The pair held joint control of five properties near Leicester city centre, which were sub-let to workers recruited from overseas.
Workers reported up to 13 people were forced to sleep on mattresses on the floor of one three-bedroomed property. It was an arrangement that netted Gaina and Hayat nearly four times the amount of rent they were paying each month, according to the GLAA.
At Leicester Crown Court, judge Nicholas Dean QC told the couple they had exploited people by offering them the prospect of a better life and had made a profit of £20,000-£25,000.
Gaina and Hayat were given 12-month prison terms, suspended for two years, along with being served with Labour Market Enforcement Orders – also in force for two years.

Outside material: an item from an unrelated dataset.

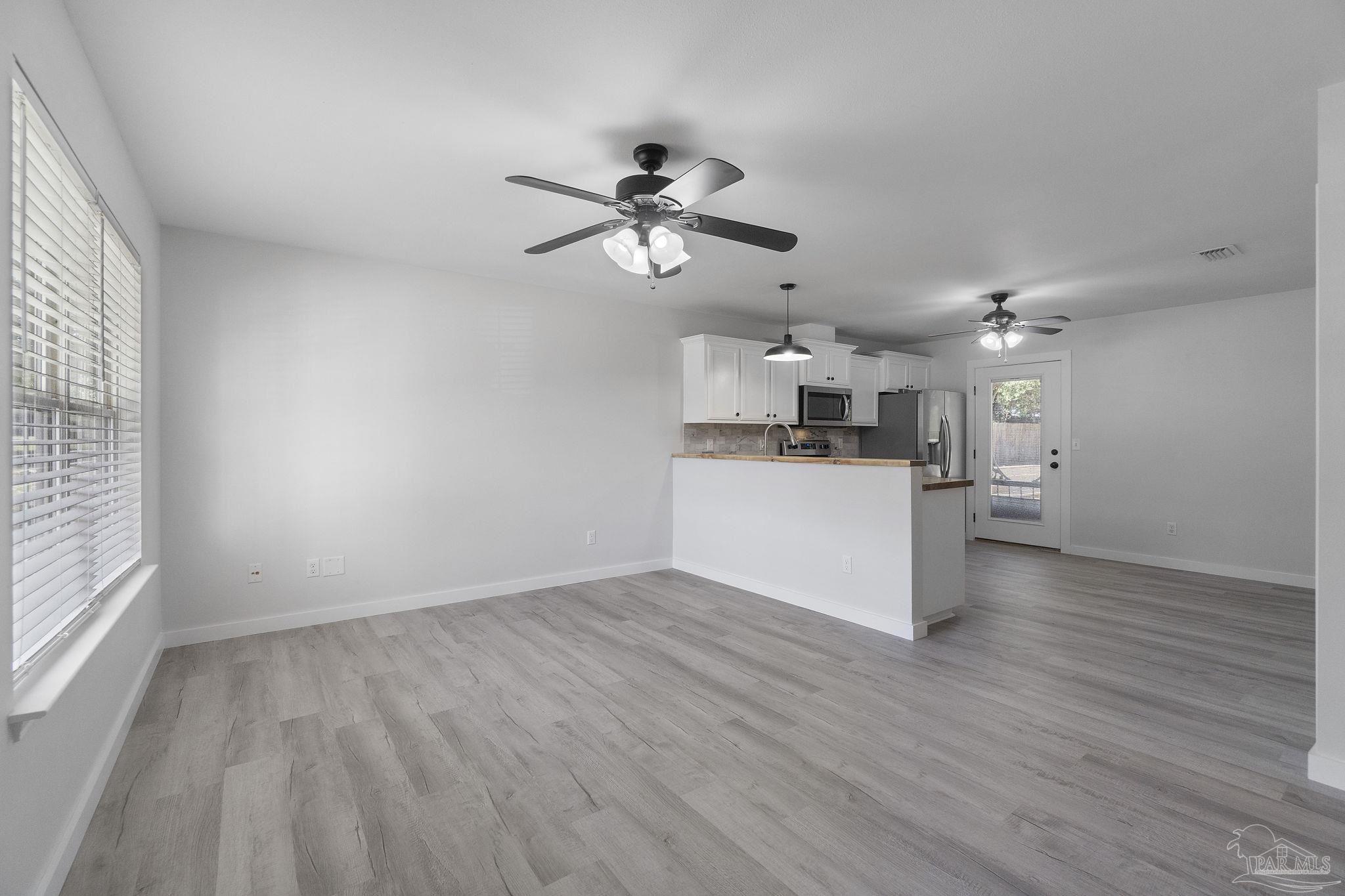 7253 Pro Lane Milton, FL 32570 - Photo 6 of 33 a view of a kitchen with a dishwasher cabinets and wooden floor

The orders require compliance with measures aimed at preventing further offences being committed under UK labour law. Failure to do so would be a criminal offence – terms similar to those for an ASBO up until 2015.
GLAA director of operations Ian Waterfield said the actions of Gaina and Hayat were a clear case of two “ruthless opportunists” spotting a chance to make a quick and substantial profit by preying on vulnerable workers.
“They targeted those with little money, who spoke little or no English, many of whom were in a desperate position in their home country,” said Waterfield.
“The conditions they promised were a far cry from those that were delivered in reality as they drove their tenants into debt and gave them no choice but to work their way out of it.”
Earlier this month, police in south Wales arrested a man on suspicion of exploiting workers as an unlicensed gangmaster in the fresh food packaging and processing sector.
Meanwhile, last month, the GLAA announced it was to introduce new licensing standards to better protect vulnerable and exploited workers.